Roboadvice ahead of law reform
16 May 2017
The Financial Markets Authority is considering ways that roboadvice could be made possible before the new financial advice legislation kicks in.
The Financial Services Legislation Amendment Bill, which repeals and replaces the Financial Advisers Act, will clear the way for roboadvice to operate in New Zealand for the first time.
But lawyers said it was not happening fast enough.
Geoff Ward-Marshall, of DLA Piper, said the law would not change until 2019 under the current timeline. "Fintech is fast-moving and there is a real risk that New Zealand firms looking to operate in the roboadvice area will be left behind by their overseas competitors."
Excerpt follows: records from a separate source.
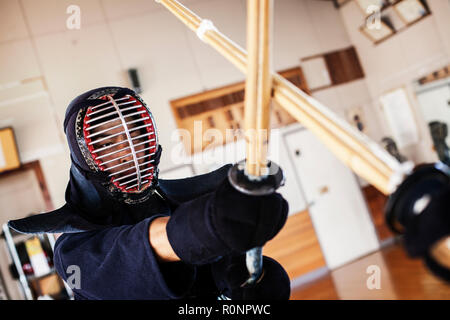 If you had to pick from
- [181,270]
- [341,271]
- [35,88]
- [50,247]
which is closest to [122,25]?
[35,88]

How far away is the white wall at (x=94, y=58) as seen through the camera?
13.3 ft

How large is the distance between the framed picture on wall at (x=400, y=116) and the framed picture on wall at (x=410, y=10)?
102 centimetres

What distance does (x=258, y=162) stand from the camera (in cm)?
53

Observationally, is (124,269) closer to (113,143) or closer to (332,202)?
(113,143)

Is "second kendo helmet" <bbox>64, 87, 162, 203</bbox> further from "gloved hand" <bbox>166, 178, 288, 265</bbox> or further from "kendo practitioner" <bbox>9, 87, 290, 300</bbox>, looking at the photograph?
"gloved hand" <bbox>166, 178, 288, 265</bbox>

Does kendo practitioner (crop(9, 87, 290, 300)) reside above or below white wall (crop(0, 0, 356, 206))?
below

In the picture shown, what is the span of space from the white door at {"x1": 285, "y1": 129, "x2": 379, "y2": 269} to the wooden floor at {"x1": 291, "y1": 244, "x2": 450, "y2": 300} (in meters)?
0.23

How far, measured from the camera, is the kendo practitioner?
1.90ft

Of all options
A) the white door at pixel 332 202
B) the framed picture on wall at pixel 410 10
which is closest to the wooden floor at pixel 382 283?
the white door at pixel 332 202

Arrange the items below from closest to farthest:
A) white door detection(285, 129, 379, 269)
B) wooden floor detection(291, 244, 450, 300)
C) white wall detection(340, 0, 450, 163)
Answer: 1. wooden floor detection(291, 244, 450, 300)
2. white wall detection(340, 0, 450, 163)
3. white door detection(285, 129, 379, 269)

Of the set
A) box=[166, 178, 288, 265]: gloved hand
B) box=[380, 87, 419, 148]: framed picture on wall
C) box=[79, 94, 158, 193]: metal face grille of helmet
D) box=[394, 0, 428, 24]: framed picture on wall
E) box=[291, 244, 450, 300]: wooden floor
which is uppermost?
box=[394, 0, 428, 24]: framed picture on wall

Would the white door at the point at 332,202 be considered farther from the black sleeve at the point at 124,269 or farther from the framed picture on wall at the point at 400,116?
the black sleeve at the point at 124,269

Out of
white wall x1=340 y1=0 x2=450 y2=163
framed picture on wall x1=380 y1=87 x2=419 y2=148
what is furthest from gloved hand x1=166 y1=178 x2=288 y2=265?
framed picture on wall x1=380 y1=87 x2=419 y2=148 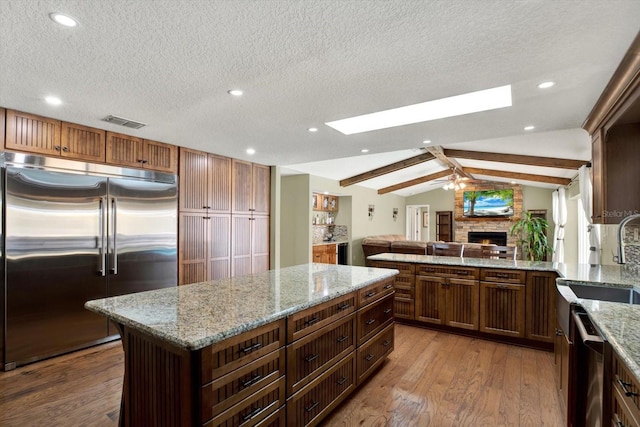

He said he had not seen any concerns raised about the introduction of automated advice during the Financial Advisers Act review process.
"Industry is ready and waiting for it... and bearing in mind the glaring advice gap, consumers need it."
Lloyd Kavanagh, chair and partner of Minter Ellison Rudd Watts, agreed: "I do think there is a risk of New Zealand being left behind as innovation develops pace around the world. That means the benefit, of making low cost independent advice available to the large numbers of New Zealanders who do not currently receive advice, would be delayed.
"In addition, if the innovation occurs elsewhere, and is only rolled out to NZ belatedly after having been designed to suit other markets, that means New Zealand loses the opportunity to develop its technology sector."
A spokeswoman for the Ministry of Business, Innovation and Employment said the concern was being addressed.
"We received feedback from some stakeholders that we should consider options to ensure the ability to provide roboadvice is not unduly delayed. We are currently analysing these submissions. The transitional arrangements will aim to strike a balance between ensuring New Zealand providers are not at a competitive disadvantage and that there are sufficient safeguards in place for investors," she said.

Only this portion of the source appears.